REDUCED CARBON IN AQUEOUS FLUIDS AT HIGH P AND T
CH4 and CO solubility in H2O
Gas solubilities in H2O generally decrease with rising temperature, but this is only true up to a certain temperature along the vapor-liquid saturation (boiling) curve for H2O. Solubility minima vary among gases (Shock et al. 1989; Shock and McKinnon 1993; Plyasunov and Shock 2001). In the case of methane, the solubility minimum occurs at about 100 °C as shown in Figure 17. It can also be seen in Figure 17 that there is increasing experimental disagreement in the solubility of methane with increasing temperature, and the scatter seems to maximize at higher temperatures. The curve in Figure 17 is calculated with thermodynamic data and revised HKF equation-of-state parameters from Plyasunov and Shock (2001), who also used experimental high-temperature enthalpy of solution data and partial molal heat capacity data for CH4,aq in their regression procedure.
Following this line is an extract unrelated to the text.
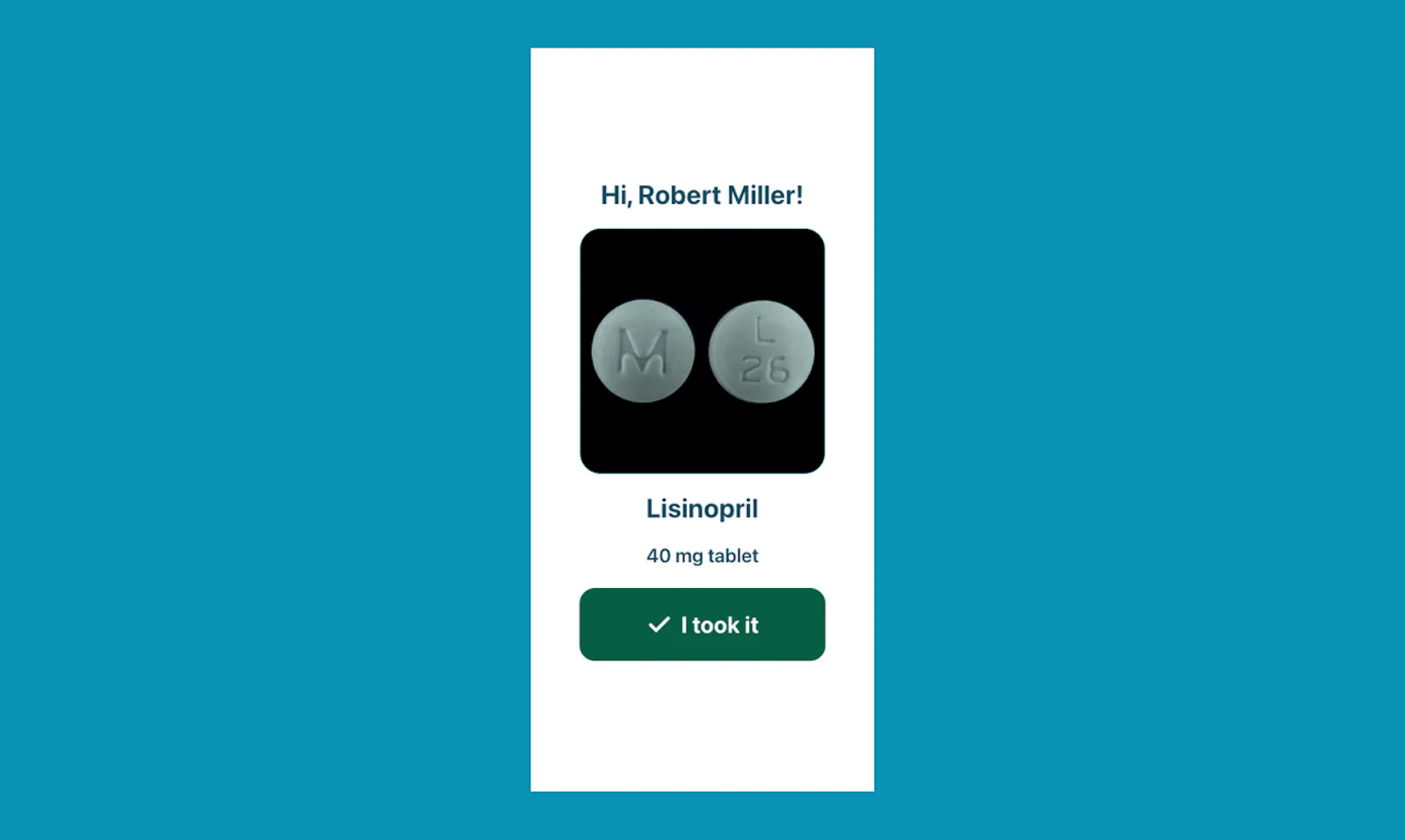 PillsCircle screenshot 1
Note that the calculated equilibrium constant for methane dissolution is an order of magnitude less negative at 300 °C than at the solubility minimum at 100 °C, suggesting that significant amounts of methane can be lost from solution in cooling portions of hydrothermal systems.
Carbon monoxide is similar in solubility to CH4, as indicated by the curves in Figure 18, and both gases are considerably less soluble than CO2. Note that the minimum logK for the CO dissolution reaction is a little lower in temperature than that for CH4, but that both minima are at considerably lower temperatures than that for CO2, which occurs at about 175 °C. Although the curves differ by about 1.5 log units at 0 °C, they tend to converge with increasing temperature and are within 0.7 log units of one another at 350 °C. As a result, there are highly variable consequences for exsolution of gases during cooling of hydrothermal fluids.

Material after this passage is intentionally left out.